While I'm not a fan of some of the naysayers, here. There does appear to be valid reasoning behind their claims.

In researching the company's claims, I found the following:

The term does NOT appear in any scientific source returned by search. There is no recognized reactor design formally called an “implausible aneutronic reactor.”

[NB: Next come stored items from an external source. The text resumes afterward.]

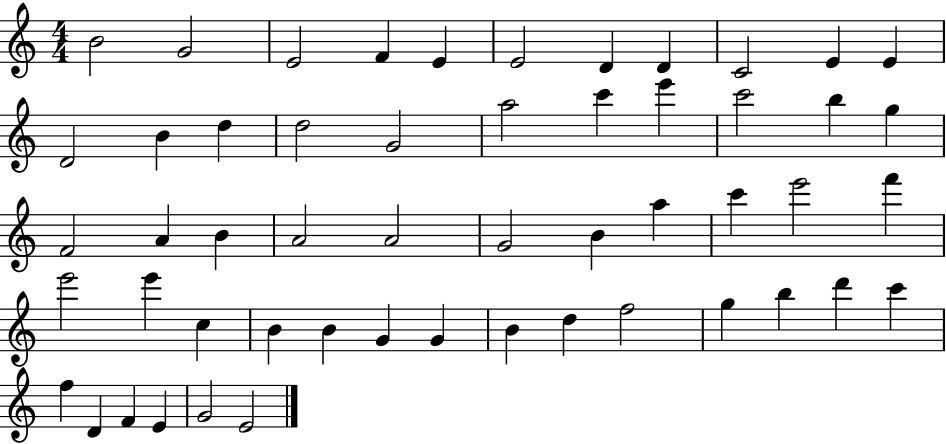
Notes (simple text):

B4/h G4/h E4/h F4/q E4/q E4/h D4/q D4/q C4/h E4/q E4/q D4/h B4/q D5/q D5/h G4/h A5/h C6/q E6/q C6/h B5/q G5/q F4/h A4/q B4/q A4/h A4/h G4/h B4/q A5/q C6/q E6/h F6/q E6/h E6/q C5/q B4/q B4/q G4/q G4/q B4/q D5/q F5/h G5/q B5/q D6/q C6/q F5/q D4/q F4/q E4/q G4/h E4/h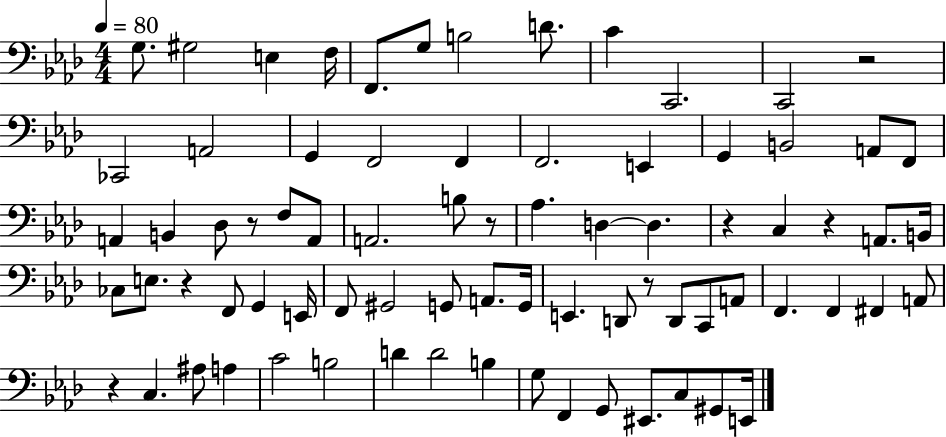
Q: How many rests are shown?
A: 8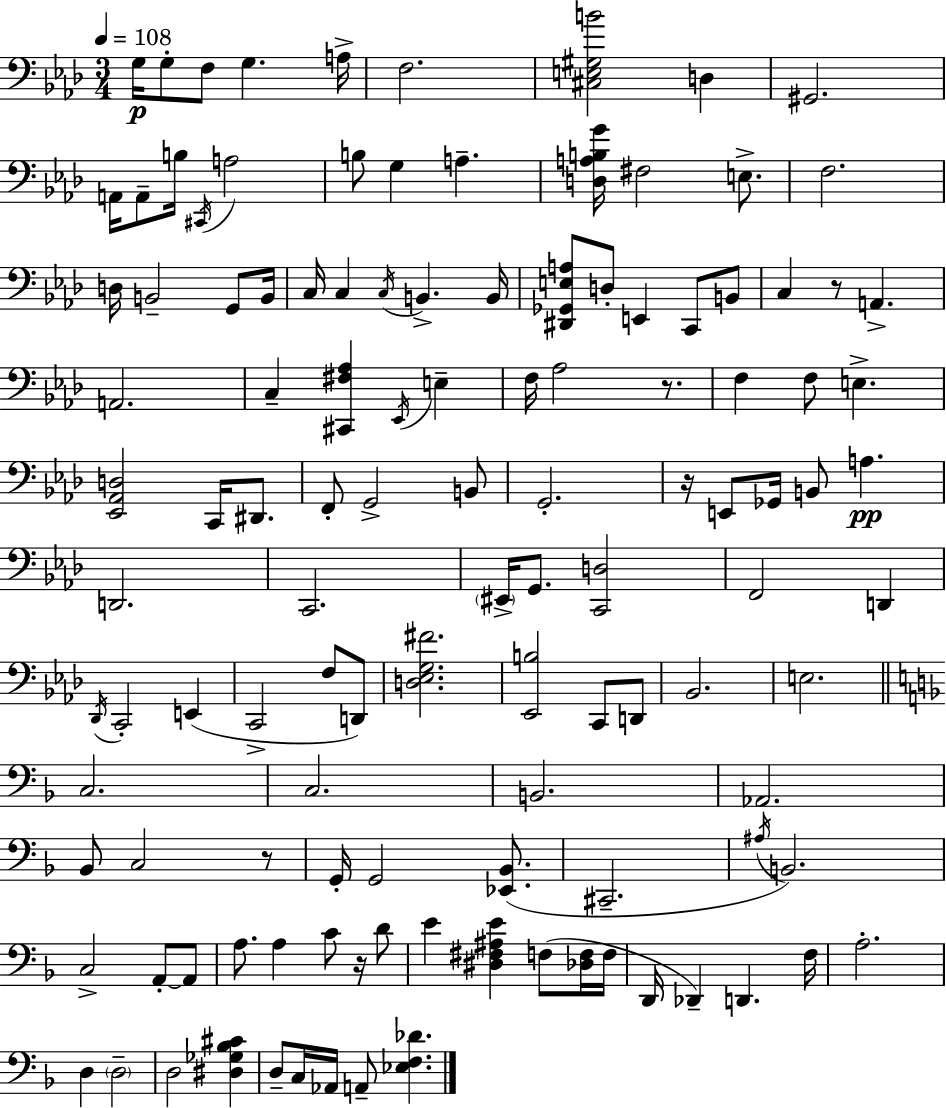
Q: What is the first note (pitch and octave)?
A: G3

Nothing in the search results uses that phrase.
• Not currently feasible
• Not physically realistic with today’s technology
• Aneutronic fusion that requires extreme temperatures or confinement beyond what we can achieve
And that matches the science:

Aneutronic fusion requires much more extreme conditions than standard deuterium–tritium fusion.
For example:
• Proton–boron fusion needs temperatures around 600 million °C, far above what ITER or tokamaks can reach reliably.
• Confinement methods like Polywell, Z-pinch, and dense plasma focus are still experimental.

Aneutronic reactor
This is a real concept.
An aneutronic fusion reactor is a fusion system designed to use fuels that produce very few neutrons, such as:
• Proton–boron-11 (p–B11) fusion
• Deuterium–helium-3 fusion

These reactions release energy mostly as charged particles, not neutrons.
That makes them attractive because:
• Less radioactive damage
• Less shielding needed
• Potential for direct electricity conversion

Implausible
Since no reactor uses this phrase formally, “implausible” is almost certainly being used informally to mean:
Not currently feasible
Not physically realistic with today’s technology
Aneutronic fusion that requires extreme temperatures or confinement beyond what we can achieve

People use “implausible” when referring to:
• Over-optimistic startup claims
Designs that violate known plasma physics
• Concepts requiring impossible confinement or temperatures
• Sci-fi-level reactors with no experimental support

🧭 Bottom line
There is no official reactor type called an “implausible aneutronic reactor.”

JUST SAYING
After all, it is penny land, trade accordingly.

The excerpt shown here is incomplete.